USDJPY has been losing ground since the start of the month. On Thursday, the dollar extended losses to the 107.80 area before bouncing to the flat-line in recent trading. The pair was last seen clinging to the 108.00 figure, a daily close below which would pave the way towards fresh early-March lows. Should the greenback stage a reversal, the 108.30 area would represent the immediate target for bulls. In a wider picture, bearish risks persist as long as the prices stay below the 20-DMA that arrives at 109.35 today. The key upside barrier arrives at the 111.00 figure that triggered the current retreat.
The Kiwi failed to retain bullish impetus and turned lower on Thursday. As a result, the pair slipped back below the 0.7200 figure before deriving support from the 0.7170 area that now represents the immediate support now. On the upside, a decisive break above the 0.7220 region would mark some improvement in the short-term technical picture. However, it looks like the New Zealand dollar will stay under the selling pressure in the immediate term though losses would be limited. In a wider picture, NZDUSD has exceeded the 20-week SMA, which is a bullish sign, but the pair is yet to stage a weekly close above this moving average to confirm the breakout.

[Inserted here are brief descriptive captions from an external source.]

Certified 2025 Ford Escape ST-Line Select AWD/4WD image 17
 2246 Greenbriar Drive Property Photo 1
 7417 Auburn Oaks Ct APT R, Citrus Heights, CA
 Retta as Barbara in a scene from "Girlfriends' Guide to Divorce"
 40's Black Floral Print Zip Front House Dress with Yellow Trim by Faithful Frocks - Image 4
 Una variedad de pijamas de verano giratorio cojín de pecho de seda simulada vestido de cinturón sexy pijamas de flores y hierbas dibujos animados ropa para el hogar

The cross has been trending higher for the third day in a row on Thursday. The pair bounced from the 20-DMA earlier in the week and has been rising since then. Today, the euro extended gains to the 0.8665 area and could challenge this week’s highs around 0.8670 in the short term if the outcome of the ECB meeting doesn’t disappoint euro bulls. On the downside, the immediate support arrives at 0.8630, followed by the 20-DMA that arrives at 0.8618 today. On the four-hour charts, the technical picture has improved as the prices have settled above the key moving averages and the RSI is pointing north in the neutral territory.